As for avoiding distractions, I agree with Paul that the Internet is like crack, it's really bad. Like Paul, I never watched TV. (As an aside, I think the reason most people are so dumb is because they watch a lot of TV). The Internet is like TV -- it makes one dumb, it's like crack, but it's also unavoidable when working as a programmer. I used to deal with the Internet by removing the wireless card from the laptop, and physically walking to my 'work location', which didn't have a LAN port, to get work done.
The problem with that now is that I need to use the Internet frequently to SSH into servers, download libraries, programs, and so forth, simply to get work done. I suppose I only have about 15 libraries that I use with the typical program that I'm writing. So maybe the overhead cost of me browsing the Internet and wasting time doing so is high enough that it would be better to go back to the old setup.

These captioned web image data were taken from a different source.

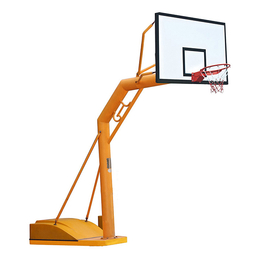 珠海篮球架-广东给力体育器材厂家-方管篮球架供应商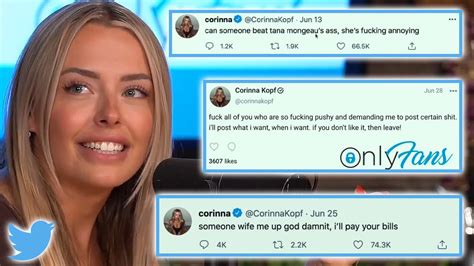 Corrina Kopf Onlyfans Leak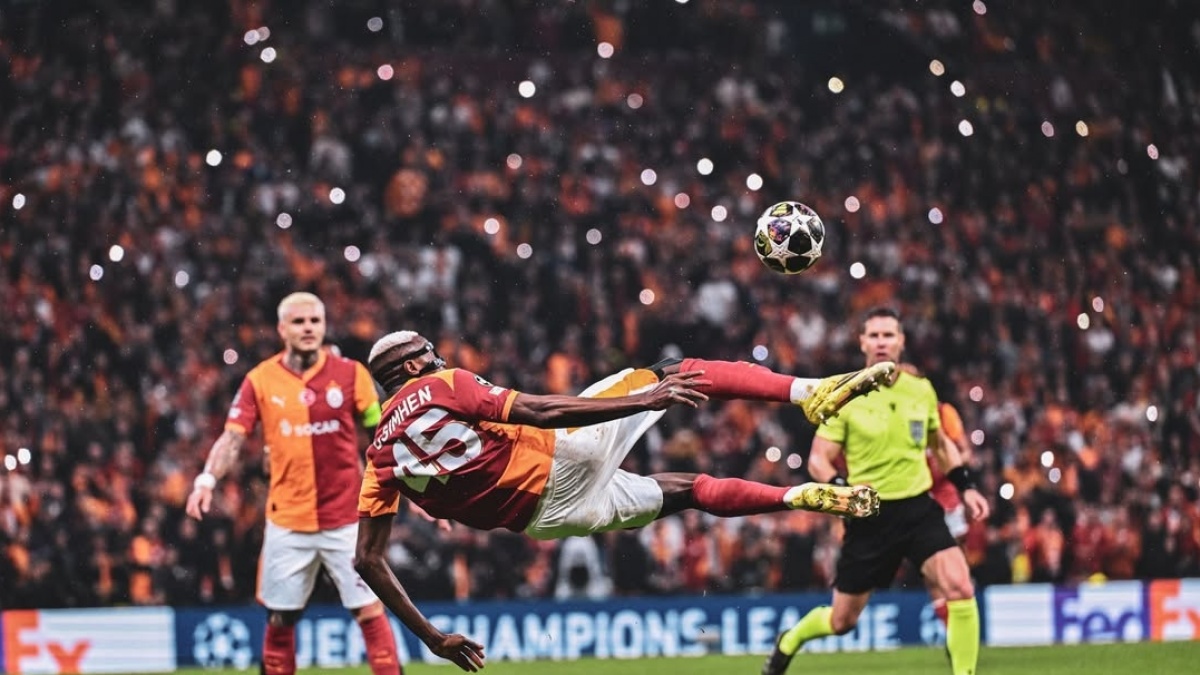 Juventus Dibantai Galatasaray 2-5, Luciano Spalletti Ngamuk: Kami Mundur Tiga Langkah!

This is the thing that nobody seems to have mentioned - both about WoW and HN: they're very different from watching TV. They're both inherently social, for example.
HN is much more akin to what sports fans do at sports bars (but asynchronous and otherwise more efficient). How much time is "too much time" to spend here depends on what else is going on in your life, but it's definitely not something to shun altogether (like cable TV).
WoW is also very different from TV - I haven't played since high school, but I remember it requiring quite a bit of interpersonal skill to organize and lead 40-man raids: settling people's personal issues, coordinating teams, etc. Maybe I romanticized it (as I did most things in high school), but I'd imagine that the kind of teamwork one learns from being in a large guild doing end-game raids comes in really useful in any organization.
yeah. It's still reading, and most of it is either educational or pseudo educational. Well.. at least if you waste your time where I waste mine. HN, Slasdot, Linux Today, Free Software Daily, Freenode (irc), etc.
However, I should be coding my app. I've spent most of the day working on a mock up so it's ok to spend a few minute here right?
I suspect that's where most people reading this site are.